The “religious exemption” to Obamacare’s contraception/abortion mandate constitutes a determined effort to change radically the very nature of our society. By excluding from “exemption” any institution not engaged in insular, purely religious activities, it forces all people of faith openly engaged in the public square to cooperate in the ending of innocent life. If put into practice, this policy will destroy what is left of the moral fabric of our society. If allowed to stand without massive exemptions allowing people to live their faith in the world of work, this policy will mean that we will no longer be a free country in any meaningful sense.

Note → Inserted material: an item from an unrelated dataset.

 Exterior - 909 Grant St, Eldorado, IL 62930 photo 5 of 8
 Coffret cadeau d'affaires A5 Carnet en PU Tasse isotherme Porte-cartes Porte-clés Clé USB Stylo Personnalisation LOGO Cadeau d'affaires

The determination to excise religion from our public life, first implemented in a series of Supreme Court decisions creating a “right” not to witness public expressions of faith, now has reached fever pitch. The aim now is to bar people from living their faith in the public sphere. Those people of faith willing to live an Amish lifestyle—insular, self-regarding, and fenced off from the “secular” world in all its aspects—may be tolerated. But if you want to work for anyone but your church, if you want to do anything for a living other than preach and teach your faith, you must affirmatively cooperate in the ending of innocent human life. You must actively, affirmatively violate fundamental precepts of your religious faith if you insist on engaging with the wider world.

The Green family has been very successful. But we should not fool ourselves into thinking that smaller businesses will not also be forced to formally cooperate with activities their faiths deem morally evil—and that means to do evil—under the guise of “insuring health.” Abortion supporters characterize all opposition to their radical programs as an intolerant attempt to oppress women, of course. They also characterize the millions of women who oppose their radical programs as somehow delusional for not buying into their ideology. We must expect such calumny, natural to radicals of all kinds, to continue. It has helped keep abortion, including in its most grisly forms, all too common in America. But if we cannot maintain our right against being forced to actively support this conduct through our places of work, we will truly have entered a time of darkness.